The last car that Dennis Holtzlander Sr. ever built was a 4-cylinder he planned to race at Berlin Raceway.
Unfortunately, Holtzlander was unable to ever drive the car. He got sick and passed away soon after it was built, but his grandson, Corey Holtzlander, has made good use of the ride.
Corey Holtzlander won the NASCAR Whelen All-American Series Division IV national championship after driving his grandfather’s 4-cylinder car at Berlin, a 0.4375-mile asphalt oval track in Grand Rapids, Michigan. The younger Holtzlander still runs with his grandfather’s No. 20 on the roof of the car, and he carries a picture of his grandfather inside with him during races.
“It has a lot of sentimental value,” Holtzlander said.
This was Holtzlander’s fifth season driving the car, and definitely his most successful. He picked up 11 wins and 19 top-5 finishes in 23 races at Berlin, winning the national championship by 12 points over Kingsport Speedway’s Keith Helton.
In a crowded field at Berlin – four of the top six Division IV national finishers came from the Michigan track – Holtzlander also won a track championship, besting second place by 139 points.
“To tell you the truth I don’t think it’s quite set in yet,” Holtzlander said. “It’s obviously my first national championship. I’m very happy to say I have won a national championship now. It probably won’t set in until I get down to North Carolina and receive something that says I won the championship.”
Holtzlander, 27, from Grant, Michigan, raced for the first time in 2007 against his grandfather on a dirt track in Michigan. That was always supposed to just be a one-year deal, and he gave up the sport until five years ago when his dad bought his current 4-cylinder.

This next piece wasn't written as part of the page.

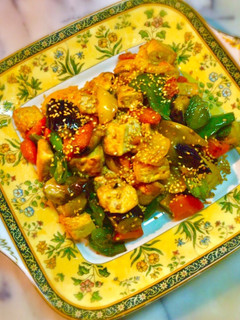 No2238揚げ焼き豆腐と野菜炒め-レシピのメイン写真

Berlin has been his family’s home track for decades, and Holtzlander remembers going there to watch his grandfather, dad, and uncle race when he was a kid.
After finishing second in the national points a season ago, he went into 2019 planning to just run part-time. That was until he realized about six weeks into the season he was near the top of the national points, so he decided to make another run at the championship.

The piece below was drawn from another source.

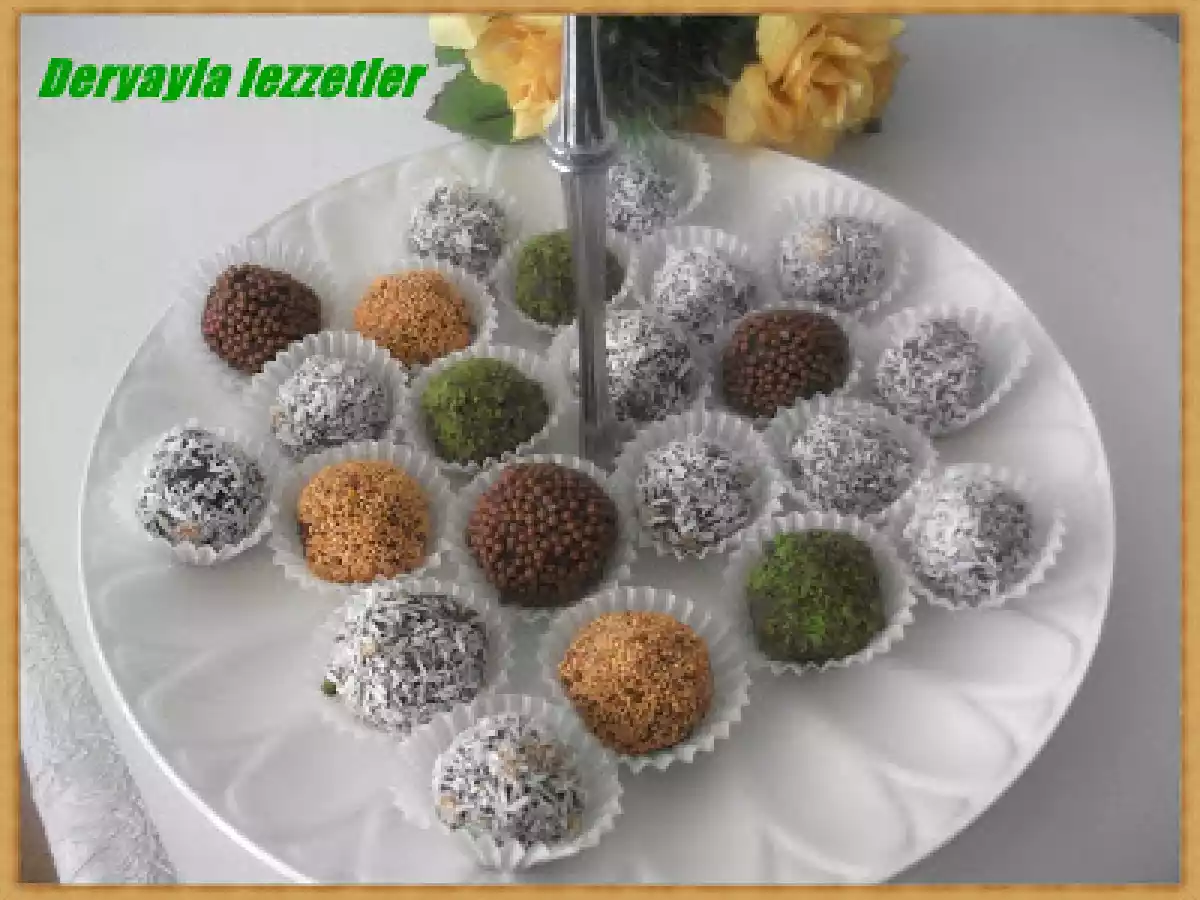 Sakız Reçelli Truff(Bayram Çikolatam)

“I didn’t pay too much attention to it because I knew it would distract me from my driving on the track so I tried not to pay too much attention to it,” Holtzlander said. “My mom and dad and brothers were the ones paying attention to what was going on.
“I wouldn’t say we did too much of anything different really. Just kind of paying attention to what’s going on. Don’t put the car in a spot I shouldn’t. Just trying to pay more attention to what’s going on on the the track and that sort of thing.”
Wins were not easy to come by at Berlin, especially with so many drivers all going for national points. Holtzlander and the track’s second place finisher, Justin Roelofs, each had wrecks late in the season.
At Berlin, the driver who won the previous race had to start at the back of the field the next race, so moving up to the front was always a challenge.
“All these guys they’ve been very good this year,” Holtzlander said. “Very fast too so it’s been very hard to come from the back to the front.
“It’s been very tough out there.”
The support from home helped Holtzlander stay focused and ready to race each week. He thanked his dad, Dennis Jr., mom, Diana, brothers, Nick Goguen, Dennis III, and Ryan, and fiancee Caryn Munson for providing emotional support, and his sponsors, MSM Blasting, APA Pool League, C-Tech Performance, Bryan Carson for working on the car, and Mike Glance with Star Customs for painting it.
He also thanked Berlin track manager Nick Mezman and race director Nick Rice.
Finally, he thanked his grandpa, whose car made a national title possible.
“It means a whole lot to me. I can’t explain that one enough,” Holtzlander said. “I really wish my grandpa could be here to see it but that’s part of life and that happens. My grandma is still here. She got to see it now. I’m very happy to see that everybody that is here got to celebrate it with us.”